The answer must be an exact copy of the records, with every picture removed.

***** INPUT DATA *****

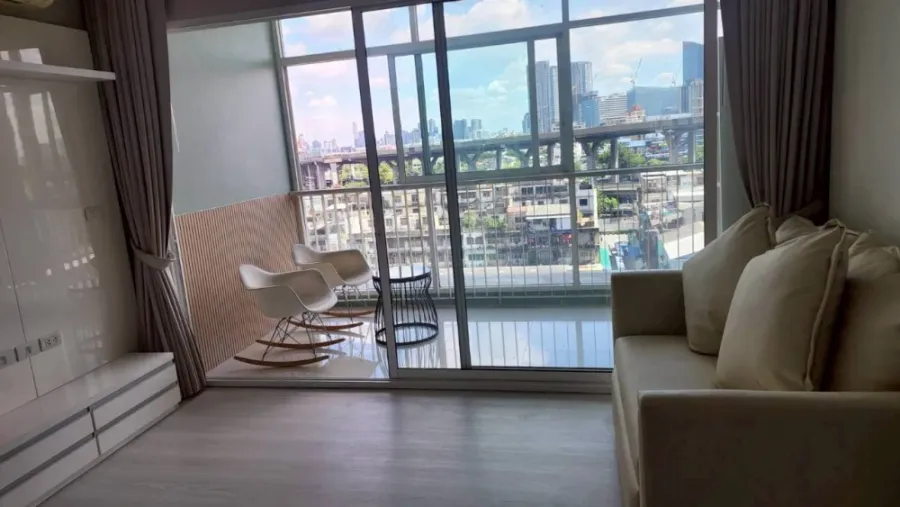 For sale, for rent, The Coast Bangkok, Sukhumvit-Bangna, 11th floor, spacious room with electrical appliances, great view, book now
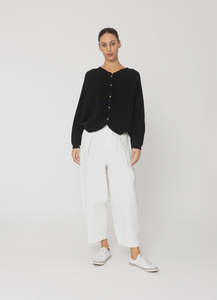 Cardigan: Chase Cardigan | Black
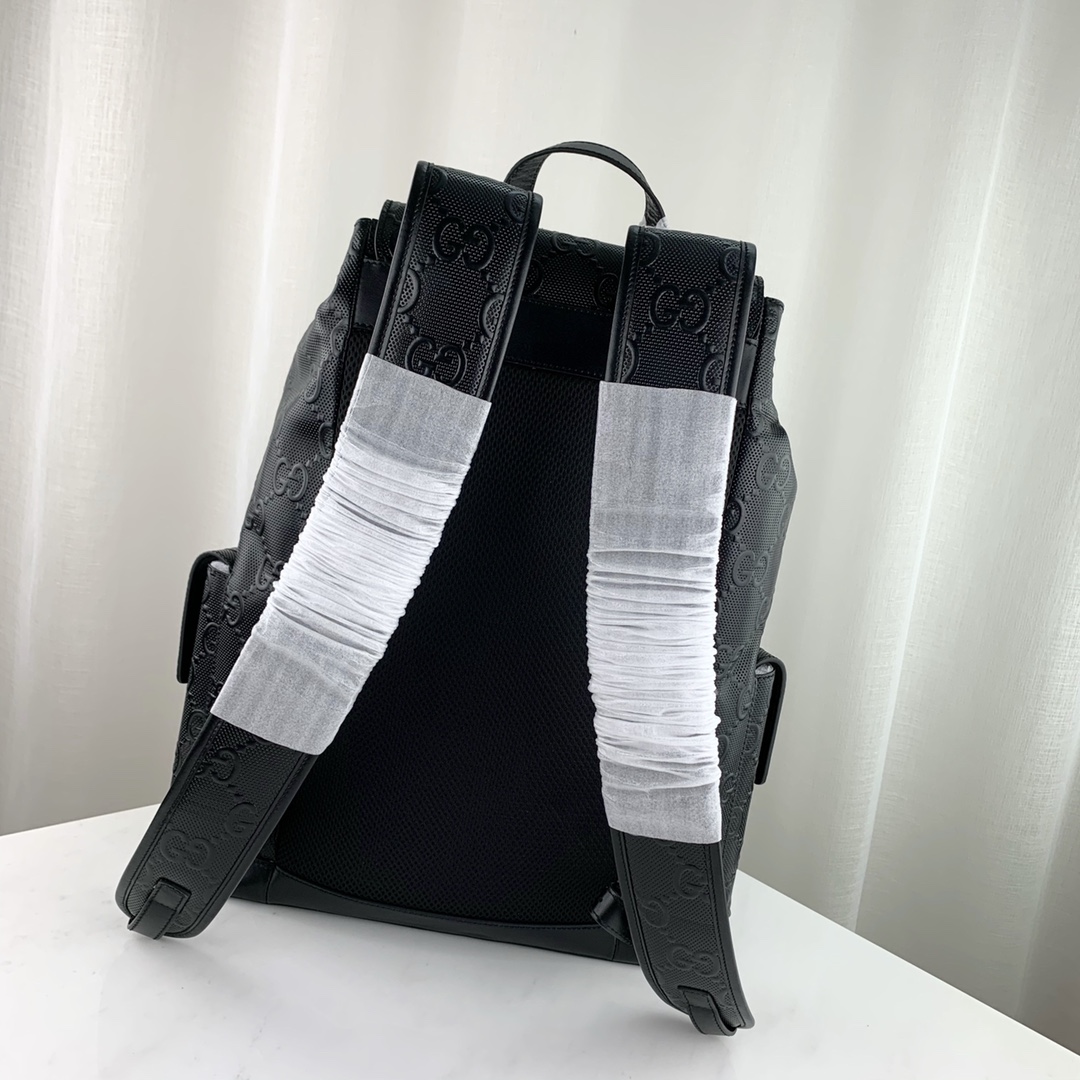 G*u*i gg embossed backpack-34*41*12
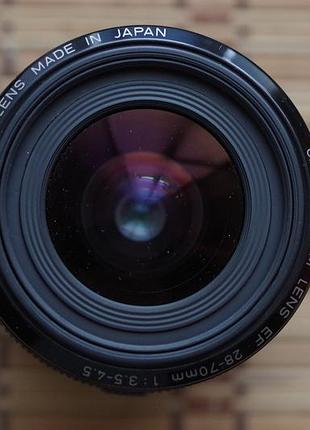 Об'єктив canon ef 28-70mm f/3.5-4.5 з кришками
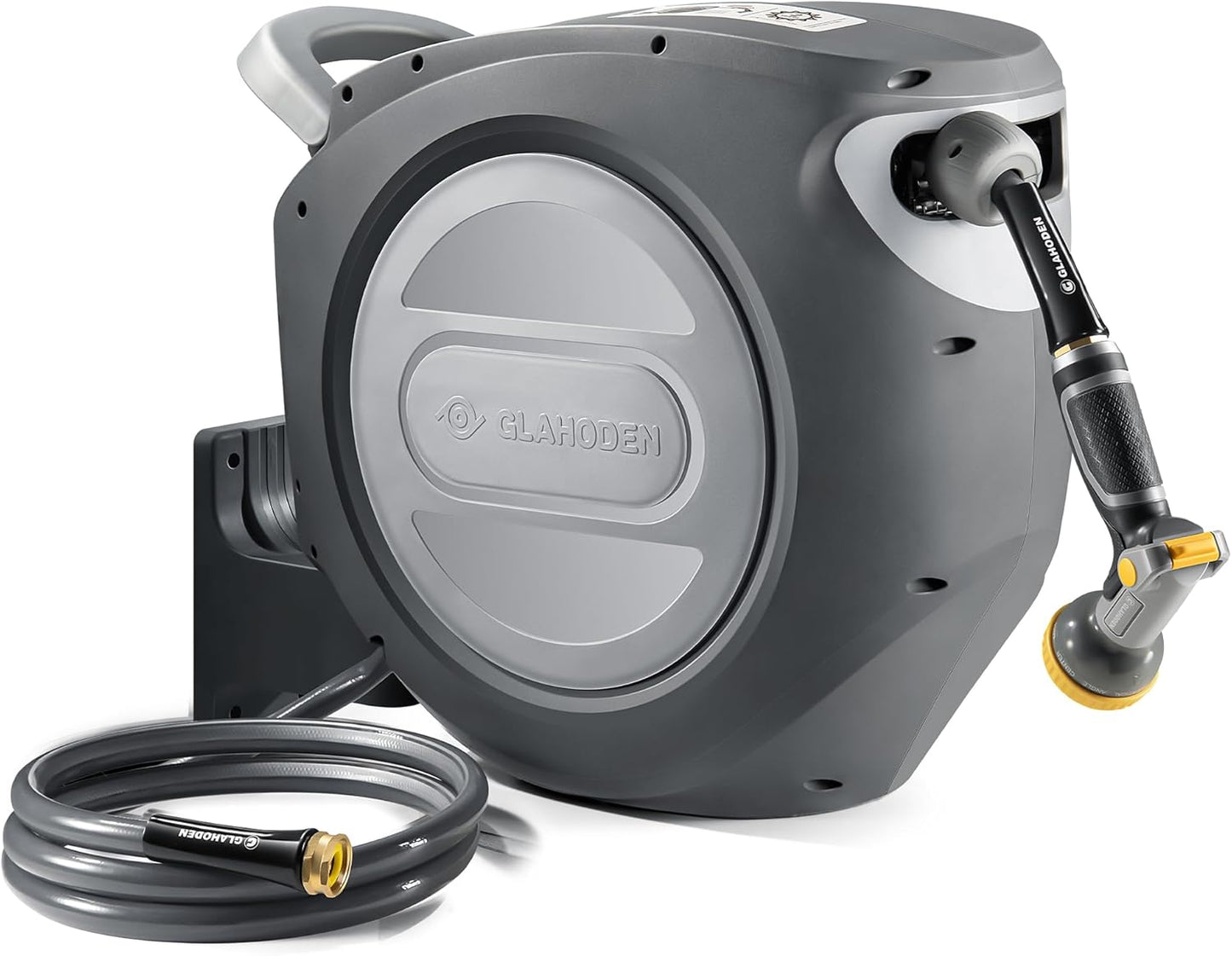Retractable Garden Hose Reel 5/8 in x 75 ft for Urban Gardens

*****

■ PROBLEM SOLUTION:
 For sale, for rent, The Coast Bangkok, Sukhumvit-Bangna, 11th floor, spacious room with electrical appliances, great view, book now
 Cardigan: Chase Cardigan | Black
 G*u*i gg embossed backpack-34*41*12
 Об'єктив canon ef 28-70mm f/3.5-4.5 з кришками
Retractable Garden Hose Reel 5/8 in x 75 ft for Urban Gardens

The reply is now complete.